Please. Google’s day old, preview release, browser has done no such thing. The author of this article has a blatant bias against Microsoft and will clearly leap on anything to justify their position. Their opinion is hardly news worthy and should have been left to the blogwatch section.
Google’s new browser offers little new to the market and is giving most web designers a hard time rationalising their love for all things google and their annoyance at having yet another browser to tweak their website for.
Did someone get paid for writing this twaddle?
“gives the open source community a lot to worry about too.”
Chrome _is_ open source and as such is far from a worry to the open source community.
http://code.google.com/chromium/
Google brings some fresh ideas and a bit of magic on top of some existing open source technologies (such as Webkit) and adds to the open source community with it’s own components (The javascript VM and Google Gears).

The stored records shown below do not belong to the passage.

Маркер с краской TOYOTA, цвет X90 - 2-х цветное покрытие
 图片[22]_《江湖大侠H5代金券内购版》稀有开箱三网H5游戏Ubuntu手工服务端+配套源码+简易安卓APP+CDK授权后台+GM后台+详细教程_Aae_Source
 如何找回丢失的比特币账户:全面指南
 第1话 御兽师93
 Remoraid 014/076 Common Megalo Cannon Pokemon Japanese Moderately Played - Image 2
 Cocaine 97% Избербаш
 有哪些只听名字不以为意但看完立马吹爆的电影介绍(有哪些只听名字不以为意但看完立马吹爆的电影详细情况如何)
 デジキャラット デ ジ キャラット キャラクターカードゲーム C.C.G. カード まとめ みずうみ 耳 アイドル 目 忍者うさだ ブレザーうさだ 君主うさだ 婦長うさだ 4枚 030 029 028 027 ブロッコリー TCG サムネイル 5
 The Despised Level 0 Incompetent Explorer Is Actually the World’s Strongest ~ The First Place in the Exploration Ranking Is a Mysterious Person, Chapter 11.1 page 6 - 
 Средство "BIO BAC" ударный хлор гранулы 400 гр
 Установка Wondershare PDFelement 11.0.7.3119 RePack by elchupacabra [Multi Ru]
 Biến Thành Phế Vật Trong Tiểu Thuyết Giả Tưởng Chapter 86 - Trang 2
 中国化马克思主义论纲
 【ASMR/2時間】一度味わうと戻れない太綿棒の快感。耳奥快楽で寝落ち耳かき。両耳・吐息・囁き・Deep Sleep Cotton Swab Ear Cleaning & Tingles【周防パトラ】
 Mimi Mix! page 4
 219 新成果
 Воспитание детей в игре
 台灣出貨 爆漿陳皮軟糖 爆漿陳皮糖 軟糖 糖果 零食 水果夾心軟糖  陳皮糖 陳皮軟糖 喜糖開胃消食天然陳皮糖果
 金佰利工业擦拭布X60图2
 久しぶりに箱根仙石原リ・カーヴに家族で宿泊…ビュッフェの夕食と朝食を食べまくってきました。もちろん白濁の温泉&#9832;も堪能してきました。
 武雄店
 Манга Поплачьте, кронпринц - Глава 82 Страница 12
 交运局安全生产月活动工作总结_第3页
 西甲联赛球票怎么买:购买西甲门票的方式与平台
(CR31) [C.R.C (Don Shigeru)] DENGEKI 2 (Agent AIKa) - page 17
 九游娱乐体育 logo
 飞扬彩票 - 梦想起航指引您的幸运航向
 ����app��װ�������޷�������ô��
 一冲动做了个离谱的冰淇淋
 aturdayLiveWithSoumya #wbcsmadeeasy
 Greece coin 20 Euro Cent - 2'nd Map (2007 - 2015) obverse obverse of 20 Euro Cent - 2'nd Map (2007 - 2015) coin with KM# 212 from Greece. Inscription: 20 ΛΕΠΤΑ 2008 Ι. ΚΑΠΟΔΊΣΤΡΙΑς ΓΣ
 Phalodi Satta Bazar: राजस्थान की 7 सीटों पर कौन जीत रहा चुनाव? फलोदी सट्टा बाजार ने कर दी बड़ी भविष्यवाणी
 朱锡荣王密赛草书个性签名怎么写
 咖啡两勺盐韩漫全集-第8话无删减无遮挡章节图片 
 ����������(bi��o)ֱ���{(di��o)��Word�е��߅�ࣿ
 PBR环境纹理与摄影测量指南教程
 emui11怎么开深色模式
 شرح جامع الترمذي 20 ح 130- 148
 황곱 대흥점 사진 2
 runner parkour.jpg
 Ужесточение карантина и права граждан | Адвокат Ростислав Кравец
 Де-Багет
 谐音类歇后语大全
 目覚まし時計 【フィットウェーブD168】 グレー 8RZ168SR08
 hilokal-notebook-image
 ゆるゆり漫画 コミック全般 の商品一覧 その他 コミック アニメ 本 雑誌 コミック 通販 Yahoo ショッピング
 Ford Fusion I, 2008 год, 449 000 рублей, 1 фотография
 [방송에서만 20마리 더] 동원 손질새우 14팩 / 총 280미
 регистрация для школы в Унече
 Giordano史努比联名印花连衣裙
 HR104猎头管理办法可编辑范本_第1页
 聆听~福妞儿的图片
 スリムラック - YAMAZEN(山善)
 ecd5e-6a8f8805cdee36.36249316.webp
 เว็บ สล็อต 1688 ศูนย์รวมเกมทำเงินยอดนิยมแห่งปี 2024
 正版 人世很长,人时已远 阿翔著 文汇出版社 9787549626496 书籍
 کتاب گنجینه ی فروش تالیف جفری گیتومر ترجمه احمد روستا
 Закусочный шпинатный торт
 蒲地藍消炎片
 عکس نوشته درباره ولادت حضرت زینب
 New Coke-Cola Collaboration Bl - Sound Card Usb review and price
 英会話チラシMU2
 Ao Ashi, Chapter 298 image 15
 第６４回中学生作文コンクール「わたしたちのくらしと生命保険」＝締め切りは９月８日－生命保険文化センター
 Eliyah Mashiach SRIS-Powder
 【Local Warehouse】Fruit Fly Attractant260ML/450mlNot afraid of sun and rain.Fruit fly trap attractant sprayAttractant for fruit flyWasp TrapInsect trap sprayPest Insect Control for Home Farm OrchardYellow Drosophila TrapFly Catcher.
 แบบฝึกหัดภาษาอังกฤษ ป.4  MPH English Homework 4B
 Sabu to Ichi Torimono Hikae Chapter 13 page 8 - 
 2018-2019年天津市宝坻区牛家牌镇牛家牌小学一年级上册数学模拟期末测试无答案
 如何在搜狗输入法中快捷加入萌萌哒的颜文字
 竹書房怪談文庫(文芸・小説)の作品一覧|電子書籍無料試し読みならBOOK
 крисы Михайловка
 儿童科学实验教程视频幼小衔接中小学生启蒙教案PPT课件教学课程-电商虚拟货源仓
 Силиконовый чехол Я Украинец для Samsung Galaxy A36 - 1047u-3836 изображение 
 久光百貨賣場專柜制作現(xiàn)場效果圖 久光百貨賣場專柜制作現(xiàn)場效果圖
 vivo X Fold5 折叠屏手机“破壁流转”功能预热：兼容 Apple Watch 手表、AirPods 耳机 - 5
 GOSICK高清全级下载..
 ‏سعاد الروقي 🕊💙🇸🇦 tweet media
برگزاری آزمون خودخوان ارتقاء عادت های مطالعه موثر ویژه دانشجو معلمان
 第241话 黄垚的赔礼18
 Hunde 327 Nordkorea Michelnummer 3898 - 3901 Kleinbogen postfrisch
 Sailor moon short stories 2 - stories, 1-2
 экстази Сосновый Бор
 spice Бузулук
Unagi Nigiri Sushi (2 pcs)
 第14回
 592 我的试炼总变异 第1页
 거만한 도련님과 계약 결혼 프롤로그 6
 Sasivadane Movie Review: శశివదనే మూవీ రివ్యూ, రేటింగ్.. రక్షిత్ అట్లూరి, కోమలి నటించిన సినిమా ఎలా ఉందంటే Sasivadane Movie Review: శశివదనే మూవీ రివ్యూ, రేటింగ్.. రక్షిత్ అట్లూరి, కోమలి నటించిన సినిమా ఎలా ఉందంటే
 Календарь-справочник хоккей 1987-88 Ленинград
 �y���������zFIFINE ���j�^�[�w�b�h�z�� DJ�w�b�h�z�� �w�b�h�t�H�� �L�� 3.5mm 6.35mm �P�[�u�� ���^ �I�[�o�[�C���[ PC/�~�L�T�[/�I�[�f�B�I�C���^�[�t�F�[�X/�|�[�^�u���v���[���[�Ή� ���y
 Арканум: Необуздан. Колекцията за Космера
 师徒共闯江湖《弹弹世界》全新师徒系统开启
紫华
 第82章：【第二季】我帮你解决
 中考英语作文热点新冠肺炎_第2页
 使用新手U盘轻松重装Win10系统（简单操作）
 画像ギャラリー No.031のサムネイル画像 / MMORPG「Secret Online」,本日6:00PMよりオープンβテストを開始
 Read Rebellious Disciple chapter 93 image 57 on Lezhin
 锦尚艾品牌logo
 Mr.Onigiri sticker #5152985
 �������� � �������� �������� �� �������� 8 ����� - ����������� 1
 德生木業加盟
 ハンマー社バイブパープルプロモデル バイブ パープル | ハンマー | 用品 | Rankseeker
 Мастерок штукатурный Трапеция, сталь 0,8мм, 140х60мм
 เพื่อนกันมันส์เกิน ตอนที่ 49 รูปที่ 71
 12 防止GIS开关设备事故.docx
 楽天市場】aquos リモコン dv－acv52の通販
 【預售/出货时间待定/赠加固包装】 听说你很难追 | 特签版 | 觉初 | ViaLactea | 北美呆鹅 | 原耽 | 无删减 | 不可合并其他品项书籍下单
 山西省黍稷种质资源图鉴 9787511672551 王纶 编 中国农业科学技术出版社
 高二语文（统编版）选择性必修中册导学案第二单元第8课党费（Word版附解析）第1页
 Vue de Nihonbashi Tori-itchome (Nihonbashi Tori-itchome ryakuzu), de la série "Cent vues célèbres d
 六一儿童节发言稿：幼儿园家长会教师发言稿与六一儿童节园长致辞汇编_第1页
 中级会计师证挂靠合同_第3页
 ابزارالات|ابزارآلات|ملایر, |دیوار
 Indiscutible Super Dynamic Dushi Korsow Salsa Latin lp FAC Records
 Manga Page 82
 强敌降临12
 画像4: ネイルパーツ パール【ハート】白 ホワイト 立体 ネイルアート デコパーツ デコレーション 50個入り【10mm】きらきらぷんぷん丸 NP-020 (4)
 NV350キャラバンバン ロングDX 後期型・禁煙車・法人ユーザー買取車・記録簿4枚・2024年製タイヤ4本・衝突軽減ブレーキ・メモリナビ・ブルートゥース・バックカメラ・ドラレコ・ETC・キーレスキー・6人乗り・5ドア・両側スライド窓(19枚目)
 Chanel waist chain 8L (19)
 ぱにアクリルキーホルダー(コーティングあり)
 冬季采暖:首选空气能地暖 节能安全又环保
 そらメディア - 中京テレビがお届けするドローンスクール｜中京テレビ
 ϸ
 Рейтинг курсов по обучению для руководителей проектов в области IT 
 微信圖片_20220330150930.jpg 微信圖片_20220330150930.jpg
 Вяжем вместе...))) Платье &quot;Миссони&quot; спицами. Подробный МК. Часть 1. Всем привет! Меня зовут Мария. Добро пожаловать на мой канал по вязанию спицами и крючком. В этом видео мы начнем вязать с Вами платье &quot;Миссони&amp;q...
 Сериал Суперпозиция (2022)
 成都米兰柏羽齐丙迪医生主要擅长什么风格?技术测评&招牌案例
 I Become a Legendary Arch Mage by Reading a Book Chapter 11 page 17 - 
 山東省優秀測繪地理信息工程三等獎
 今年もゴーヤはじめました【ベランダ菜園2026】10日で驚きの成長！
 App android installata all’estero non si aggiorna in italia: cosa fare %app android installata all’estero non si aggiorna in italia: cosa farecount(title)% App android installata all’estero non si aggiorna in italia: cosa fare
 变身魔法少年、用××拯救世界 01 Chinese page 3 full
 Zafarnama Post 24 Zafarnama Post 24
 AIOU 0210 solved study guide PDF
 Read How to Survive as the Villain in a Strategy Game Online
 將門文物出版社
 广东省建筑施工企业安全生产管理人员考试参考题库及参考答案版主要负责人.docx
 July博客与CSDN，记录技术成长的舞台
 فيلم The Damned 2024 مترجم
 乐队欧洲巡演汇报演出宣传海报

Well I’m all for innovation but to be frank from a web designers point of view this just makes us more work with additional compatibility testing. Now we have to test yet another site for browser rendering. Seeing as F.F is just across the road from the Googleplex as Larry Page says why not throw your resources into their ‘not for profit’ Mozilla foundation. Also it seems the team at Microsoft now have something for their legal team to consider anti-trust allegations on big G.
Also interesting are some of the concerns being raised about the Terms of Service agreement entered into with Google when installing Chrome.
http://oakleafblog.blogspot.com/2008/09/chromes-evil-terms-of-service.html
Most software comes with eyebrow raising conditions attached these days and it is good to see Google is no different.
Well, I downloaded Chrome this morning and gave it a half hour tryout. Admittedly, it’s a Beta version but it does seem to have a few problems. My reaction is that it’s slow. Slower than Firefox & IE. Sometimes the vertical slidebar works, sometimes it doesn’t. No apparent reason why.
It doesn’t seem able to play videos. That is – say you’re browsing a newspaper and you click on the “video” link regarding the article. In Firefox or IE this just pops up another tab (or window) and plays the video. In Chrome – the new tab opens but the video won’t run. Perhaps there might be some new plugins that need to be installed but there is no button to say “install plugins” and no hint anywhere that this might be needed.
What irked me most was Chrome’s poor organisation of Favorites (or Bookmarks). I followed their instructions for importing bookmarks from Firefox and it just lumps them all together in a folder called “other Bookmarks”. To then organise these into new folders by category you have to do it on a very slow on-by-one process. It doesn’t have a window where you can organise bookmarks like Firefox. Each time you select one bookmark to transfer to a new folder – the list of all bookmarks in “Other” goes off and you then have to bring it back again before you can start the next single transfer. Bloody awful!
Perhaps I’m doing something wrong?? Is there some other software I need to install to make it work better?